The Pine Island Glacier that happens to be the fastest flowing and longest glacier in the Antarctic region has produced a king-size iceberg. This huge block of ice measuring around seven hundred square kilometers is roughly eight times the land area of the Manhattan Islands in New York city. The first cracks and a spectacular one at that were first observed by scientists in October 2011 and they have been waiting ever since for it to calve itself apart. The good news of the fissure having extended itself over the entire length came in on Monday after detection by the German satellite TerraSAR-X.
The TerraSAR-X satellite has been specially designed for detecting the surface of the ice stream by means of a radar instrument although the entire continent is, at present, shrouded in winter darkness.
The huge iceberg that broke apart was from the PIG ice-shelf. This is the front portion of the glacier that lifts and floats along with the glacial movement towards the ocean. The shelf itself stretches out tens of miles beyond the grounding line. The German researchers have been monitoring the images from their satellite in order to get a better understanding of the processes that create the glacial movements and prompt the occurrence of fractures. They also hope that this will be the step forward for them towards improving their computer models that forecast the future changes in the Antarctic region.
The creation if this iceberg, scientists say, is a very natural process and should not be attributed directly to the factors of climatic changes that have in fact significantly affected the Western Antarctic Ice Sheet.
After the initial sighting of this huge crack by a NASA aircraft in 2011, many experts believed that the occurrence of the final calving would be just a matter of time. It is therefore something of a matter of surprise that the event took almost two years to actually take place. It should not be a surprise though, that the event took place in the middle of winter when the sea is virtually covered in ice. This relatively thin covering is in no way a match for the internal stresses that present itself in the huge mass of the ice shelf.
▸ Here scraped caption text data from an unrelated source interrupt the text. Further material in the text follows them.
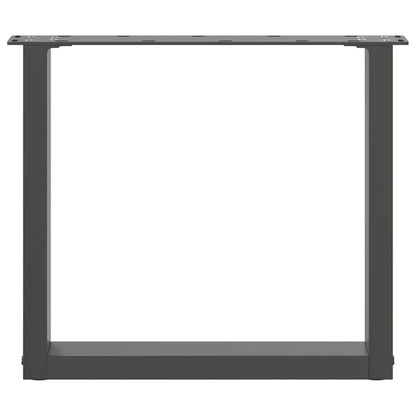 vidaXL Coffee Table Legs U-Shaped 2 pcs Anthracite 50x(42-43) cm Steel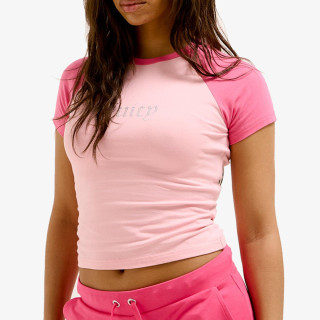 JUICY COUTURE Tricouri Contrast Raglan Baby 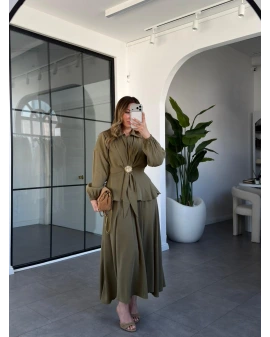 HAKİ GOLD TOKALI ETEK TAKIM 51345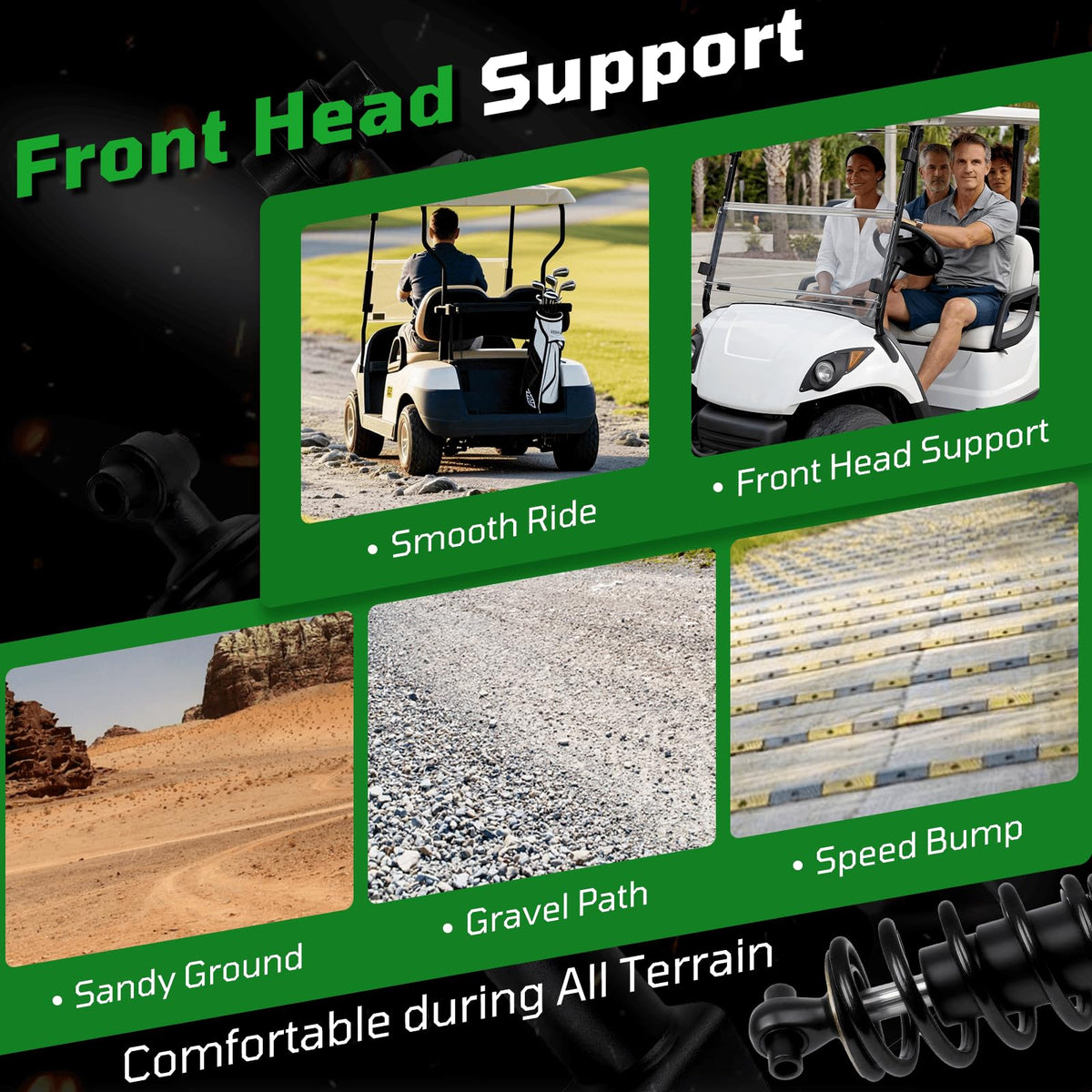 Cartalia bolt-on front shock installation for Yamaha models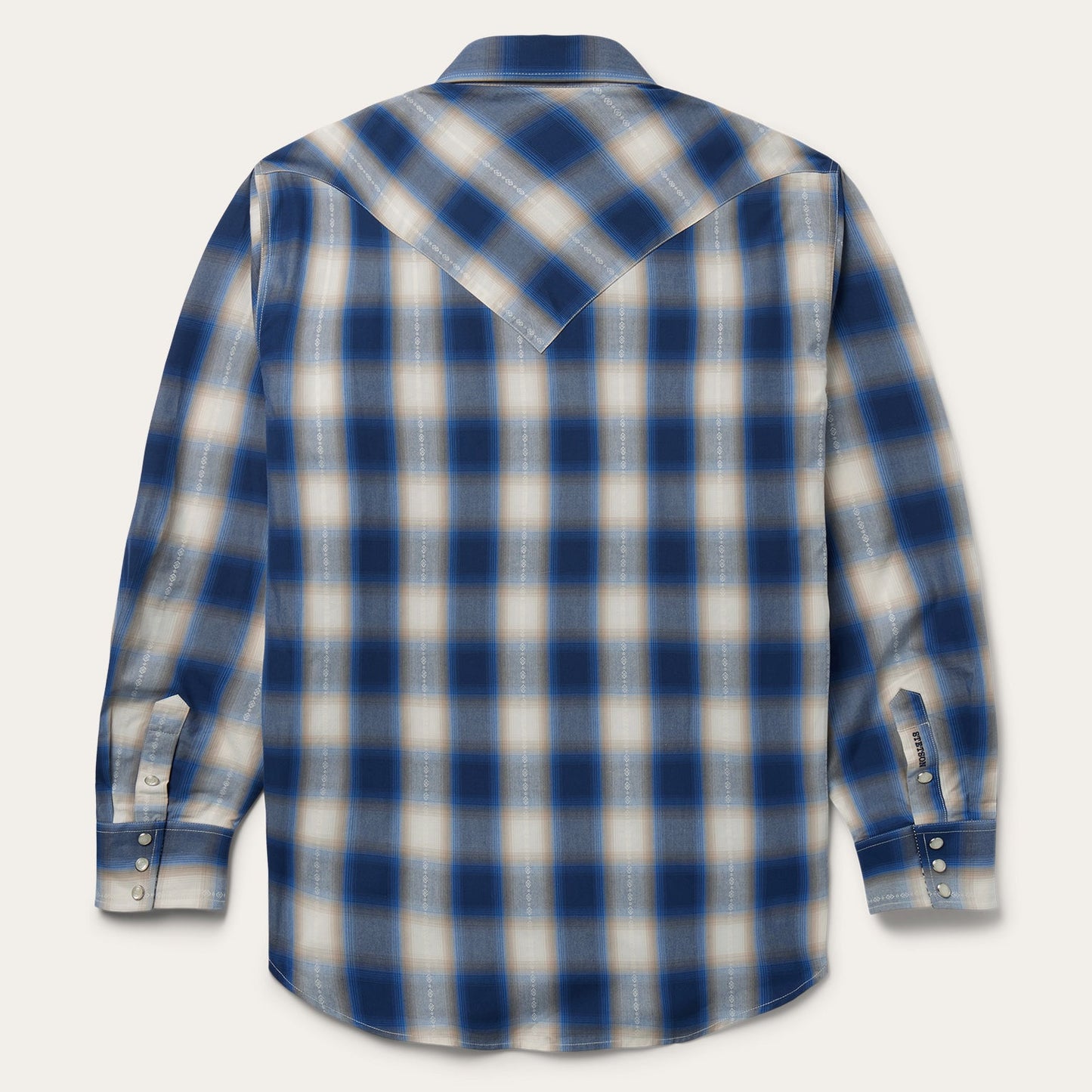 Blue Ombre Plaid Western Shirt | Stetson Blue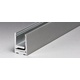 Voorgeboord klikprofiel PROFIX, voor 8/13.5 mm glas, B21 H30 L3000, mat aluminium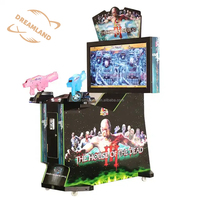 Machine de jeu d'arcade Dreamland Extermination House of the Dead Ultra Firepower Gun Shooting Simulator Aliens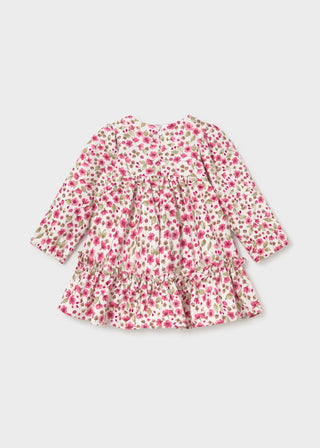 Printed Velvet Dress (6-18 Months)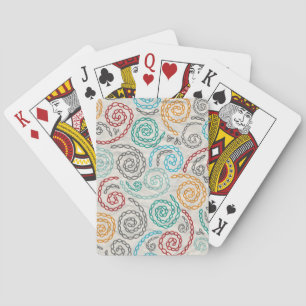 Stickerei extravagantes gerolltes Papier Spielkarten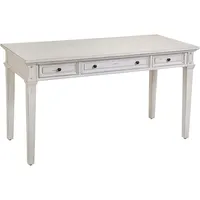 Cobblestone White Antique White 50-inch Solid Wood Writing Desk with Drawer Boxes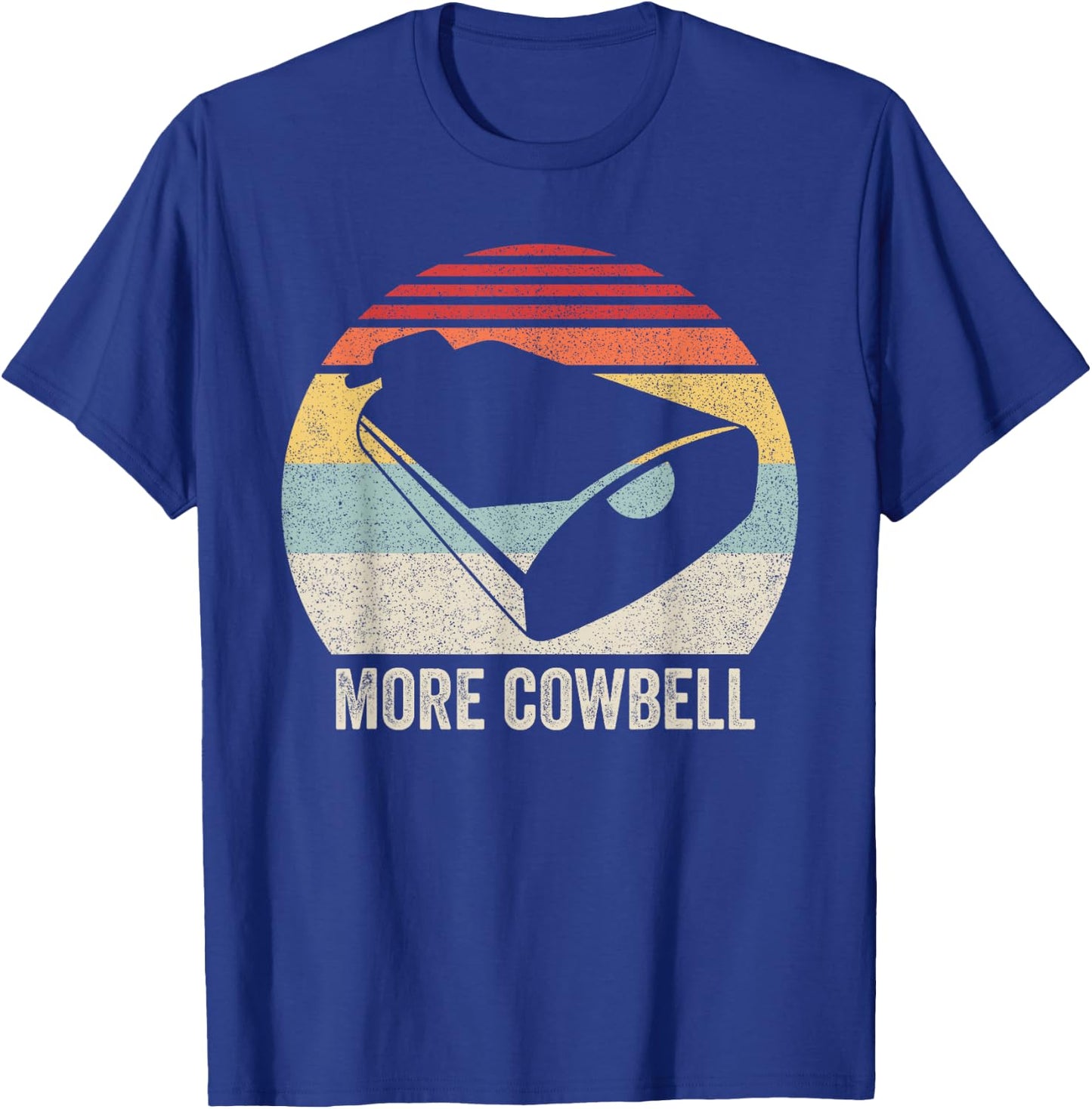 Retro More Cowbell Shirt Funny Drummer Gift Vintage T-Shirt - T-Shirt | Royal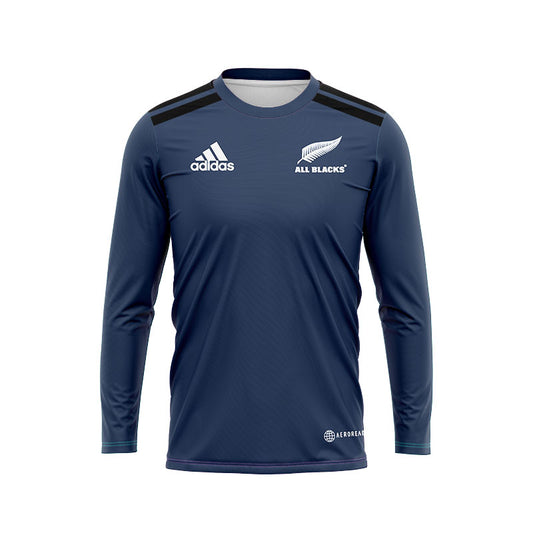 New Zealand All Blacks 2022 Rugby Long Sleeve Training Shirt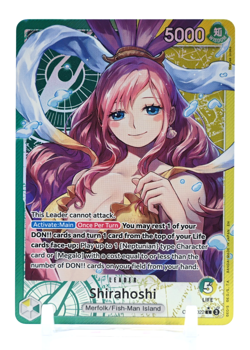 One Piece Card - SHIRAHOSHI OP11-022 (L) Alt Art A Fist of Divine Speed English - Image 2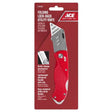 Ace 6 in. Lockback Utility Knife Red 1 pk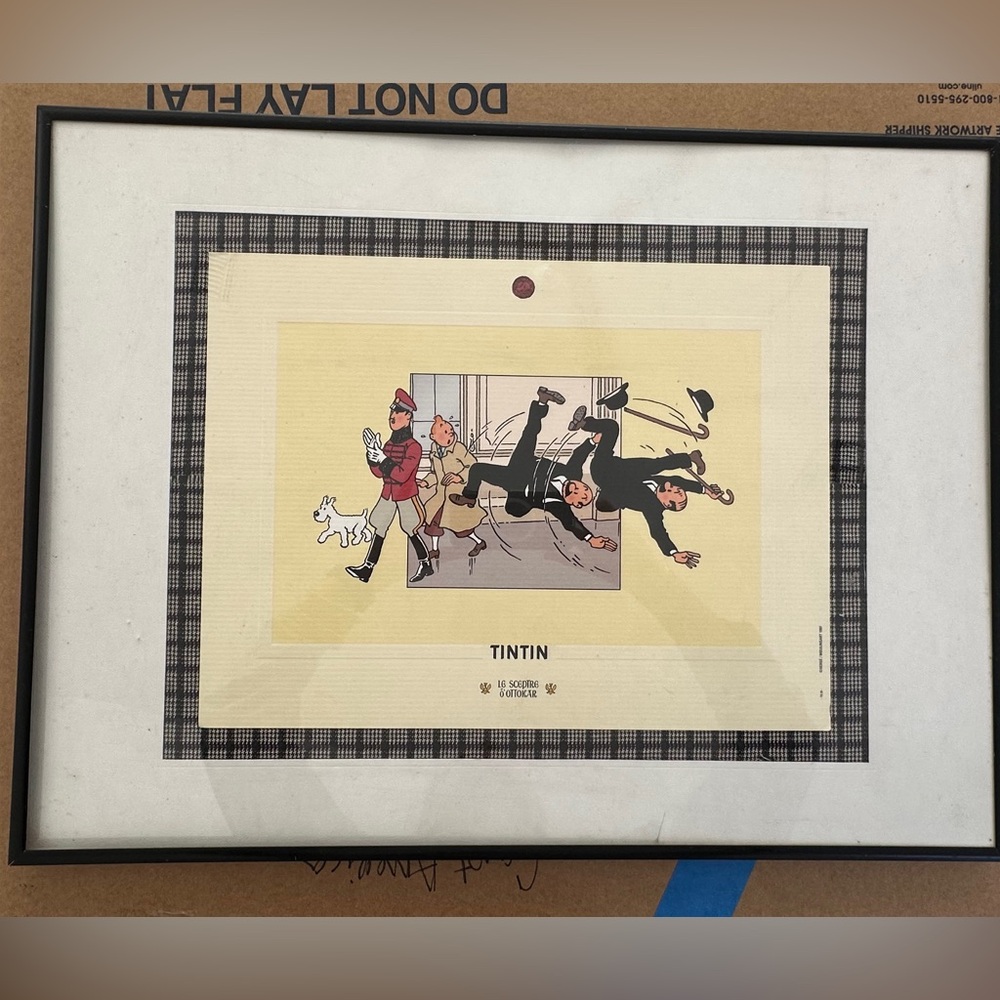 TinTin Cartoon Framed Wall Art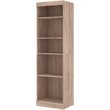 Bestar Pur 25W Closet Organizer in Rustic Brown - Engineered Wood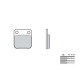 Plaquettes de frein organique BREMBO 07HO0906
It would now be an important point of observation to see how long the mammoth ice chunk takes to move out of the bay into the ocean as TerraSAR-X provides the all important data.
The largest recorded iceberg in the world so far has been the tabular block that broke off from the Ross Ice Shelf in 2001 and came to be known popularly as the B-15. With a total surface area of almost eleven thousand square kilometers, it was years before it melted and moved out into the Southern Antarctic Ocean.